No More False Failures on Power Supply Test
A switching power supply manufacturer using a successive-approximation analog-to-digital converter (ADC) for test was plagued by false failures because there was very little immunity to the noise on the supply output. By converting to the Keithley Instruments’ 2700 System with an integrating ADC that inherently filters out noise, the problem was solved.
Tiny Bubbles
Are you bothered by cavitation? This is the formation of bubbles or cavities in the flow path of a liquid, typically caused by flowing too quickly through a pump or over a blade. This condition can damage a liquid distribution system.
To collect cavitation data to study the problem, Dynaflow developed the Acoustic Bubble Spectrometer®. This system works with two hydrophones in the liquid. The transmitter emits sine waves at several frequencies, typically 10 kHz to 300 kHz, and the receiver detects the sounds. A PC controls and monitors the process, and a 1.25-MHz module from United Electronic Industries samples the transmitted and received signals simultaneously. Dynaflow software is used to quantify cavitation and evaluate the results of improvements in the flow system.
Particles From Space
An important factor in high-speed systems is channel-to-channel synchronization. Acqiris developed a method called the auto-synchronous bus for ensuring accurate timing. This front-panel interconnection sends trigger and clock signals from card to card over a 1-GHz path, and each card has onboard programmable delay lines.
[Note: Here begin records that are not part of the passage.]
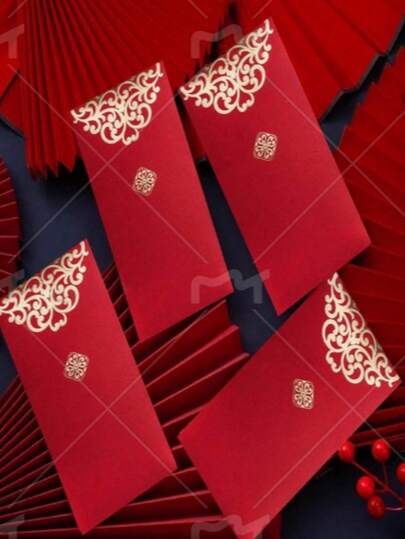 5PCS/10PCS/20PCS/30PCS/50PCS/100PCS Chinese Style Creative Gold Foil Red Envelopes, Chinese New Year Lucky Money Envelopes For 2025 Year Of The Snake Decorations, Lunar New Year Supplies, Spring Festival Red Packets, Lunar New Year Envelopes 2025, Lunar New Year Snake Year Envelopes, Chinese Gift Money Bags, Lucky Red Packets, Large Office Envelopes, Chinese Red Envelopes, Suitable For Lunar New Year, Spring Festival, Birthday, Wedding, Party Blessings
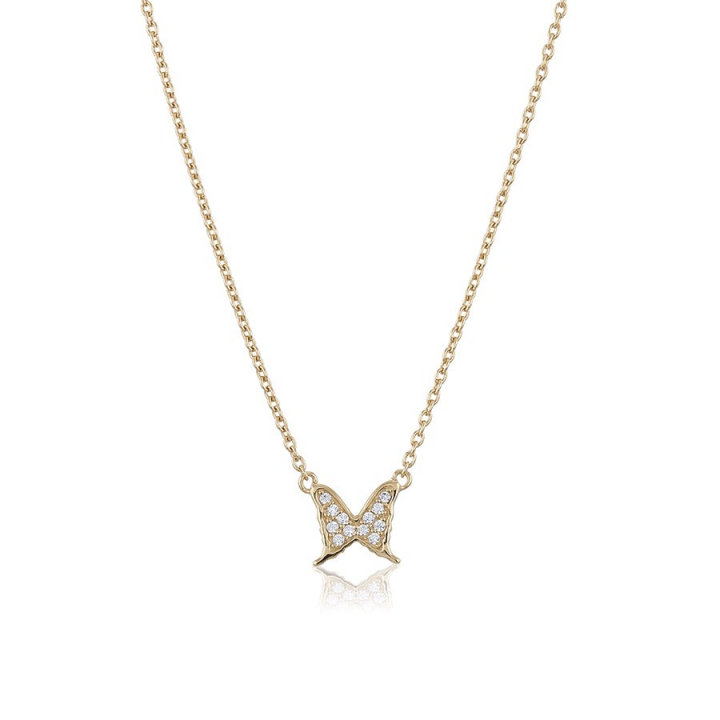 Product Image for CAROLINA GYNNING Petite papillion sparkling Necklace Gold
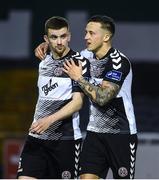 19 May 2017; Dan Byrne, left, and Rob Cornwall of Bohemians celebrate at the end of the SSE Airtricity League Premier Division match between Bray Wanderers and Bohemians at the Carlisle Grounds in Bray, Co Wicklow. Photo by David Maher/Sportsfile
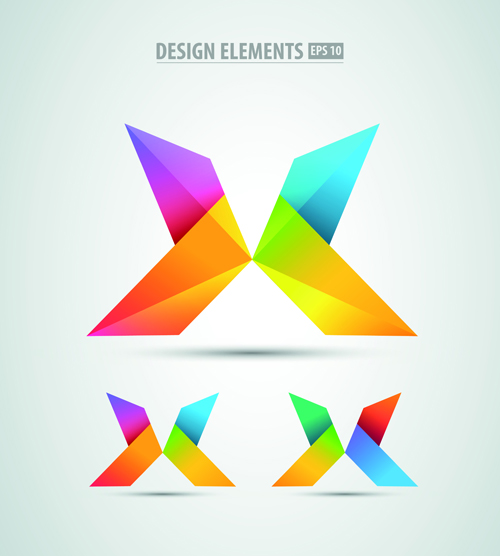 Colored origami design elements vector 05 origami colored   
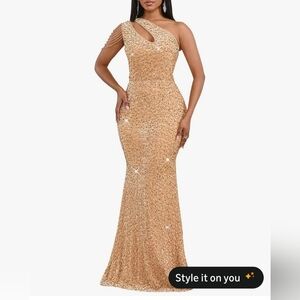 One Soulder Champagne Sequinned Gown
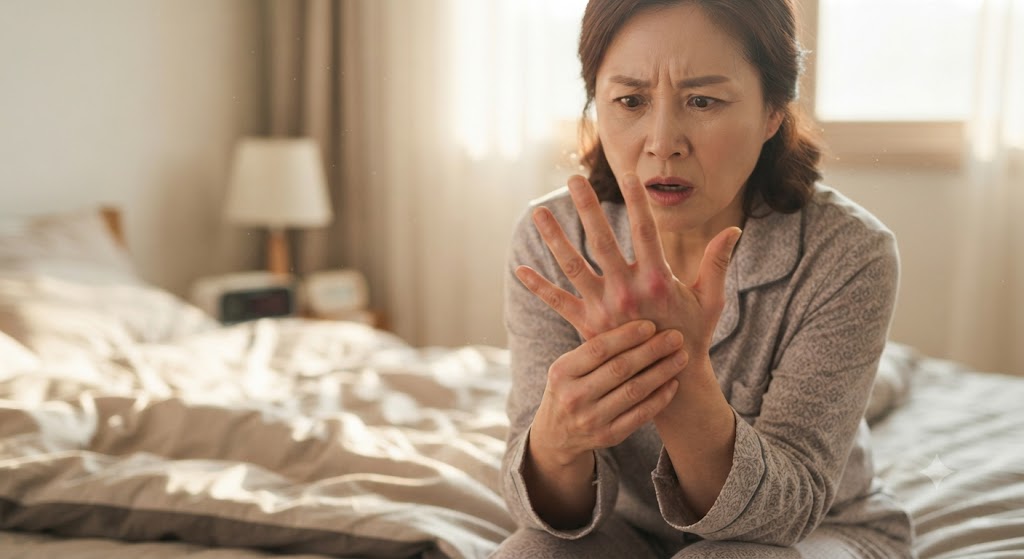 "아침에 자고 일어난 중년 여성이 손가락 마디가 뻣뻣하고 아파서 당황한 표정으로 자신의 손가락을 펴 보는 모습"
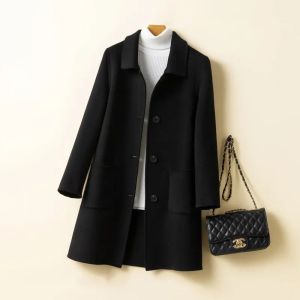 Womens Double Sided Cashmere Tweed Jacket Pocket Large MidLength Handmade and Japanese Style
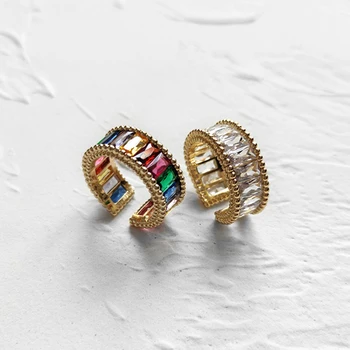 Peri'sBox Wide Rectangle Rainbow Zircon Rings Linked Clear CZ Stone Rings for Women Floral Edged Vintage Ring Adjustable 2020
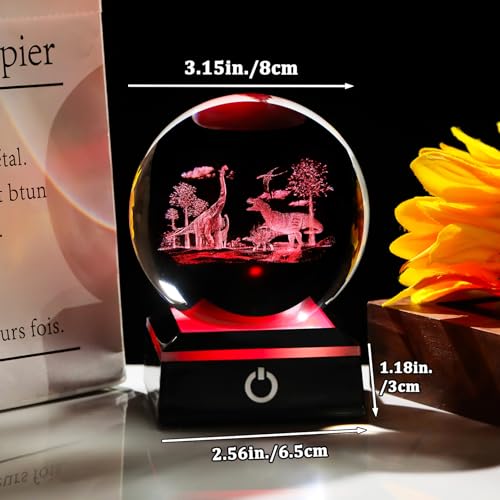 Image of Arikyrist 3D Crystal Ball Dinosaur Figurine with Colorful Light Base, Dinosaur Gifts for Women Men Dinosaur Lovers on Christmas Birthday, Glass Dinosaur Statue Decorative Ball for Home Office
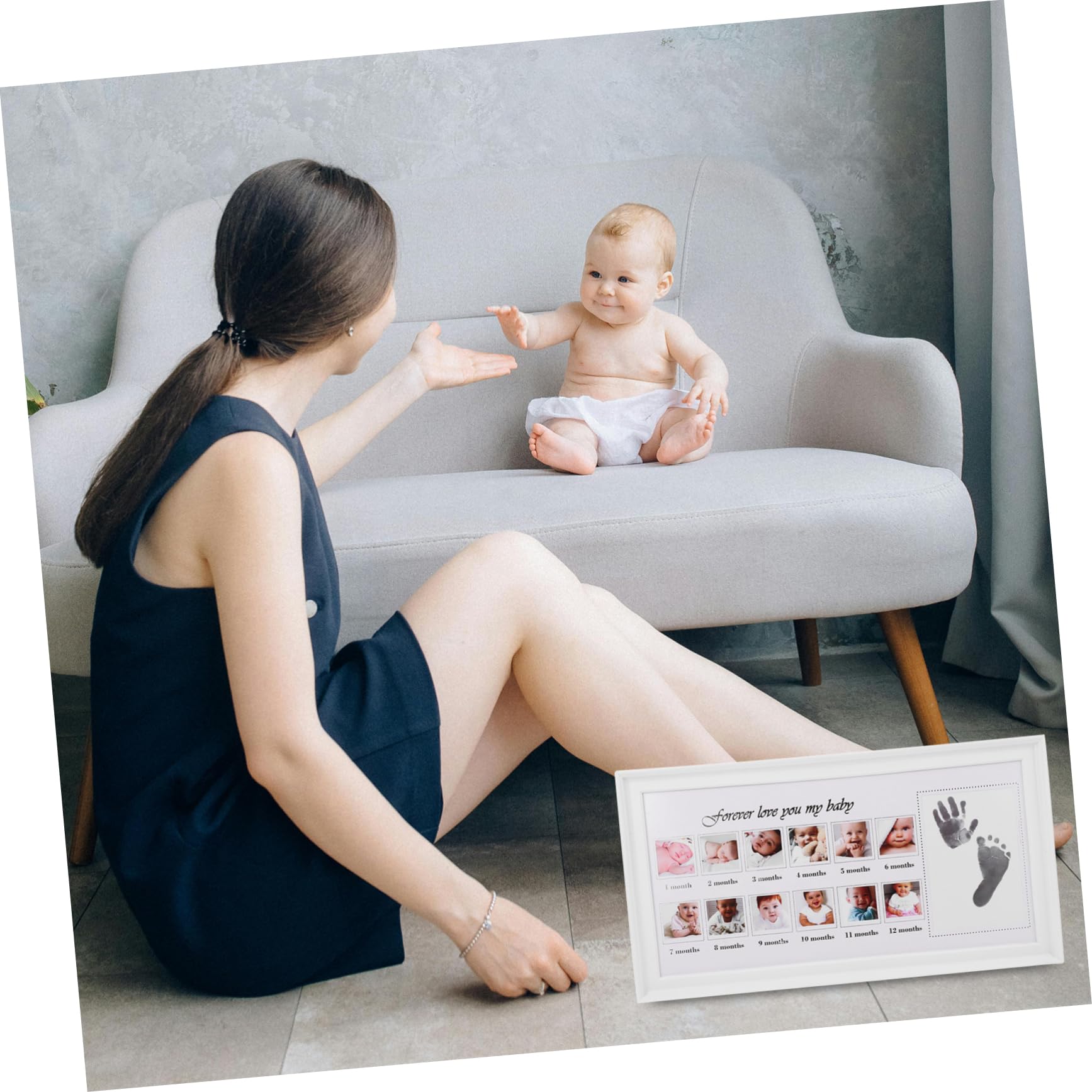 Marco para Fotos de de Niña Kit de Infantil con Marco Resistente para Manos y Pies Decoración para Habitación para Recién Nacidos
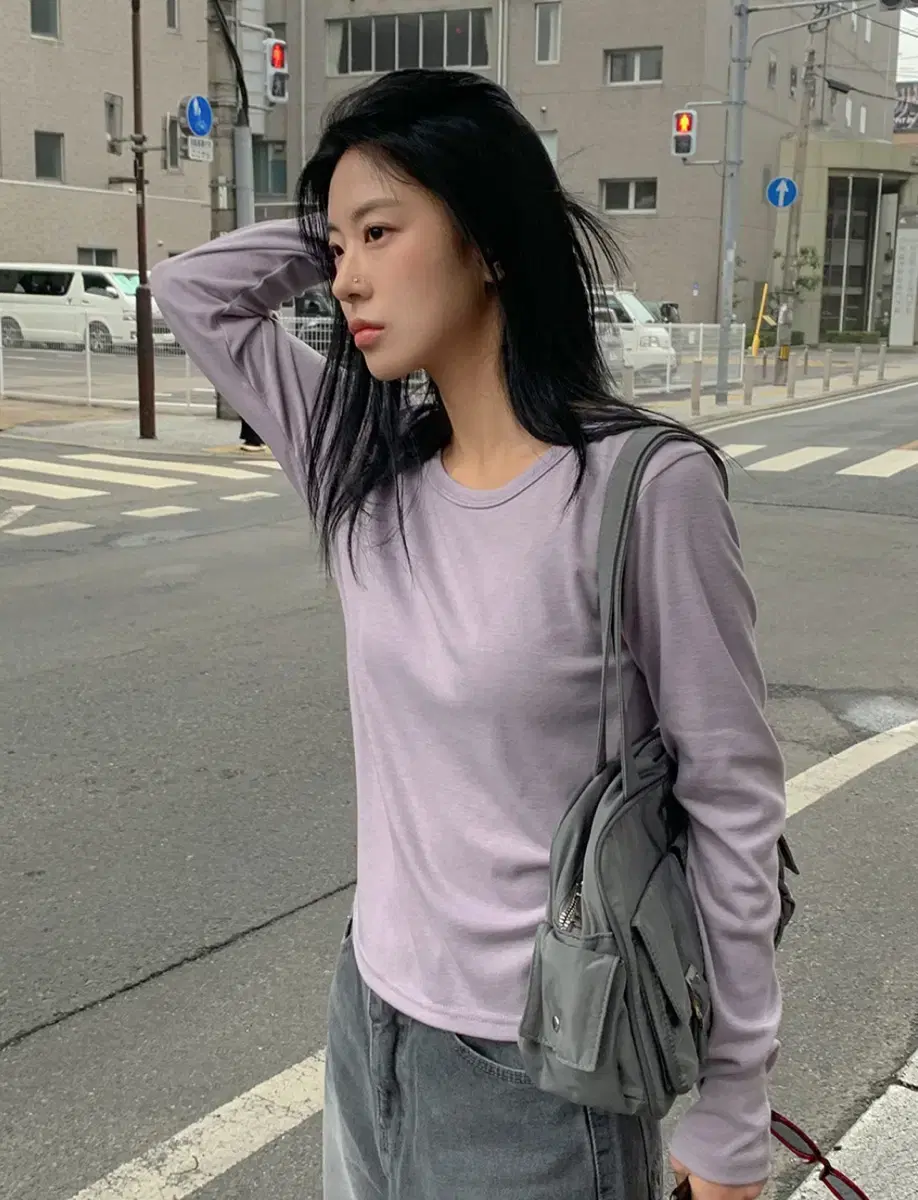 데일리쥬 리세프 레이어드 라운드넥 긴팔 티셔츠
Klaas Vogel, director of North American sales, explained that the system synchronization accuracy is 100 ps after this bus has been installed and delay lines have been tweaked.
The synchronization technique proved useful in a system to detect high-energy particles from space, where several channels are collected in parallel and module-to-module delay is intolerable. Another application is the use of pulsed lasers for measuring fusion-plasma temperature at different spots on a tokamak reactor where time relationships must be preserved.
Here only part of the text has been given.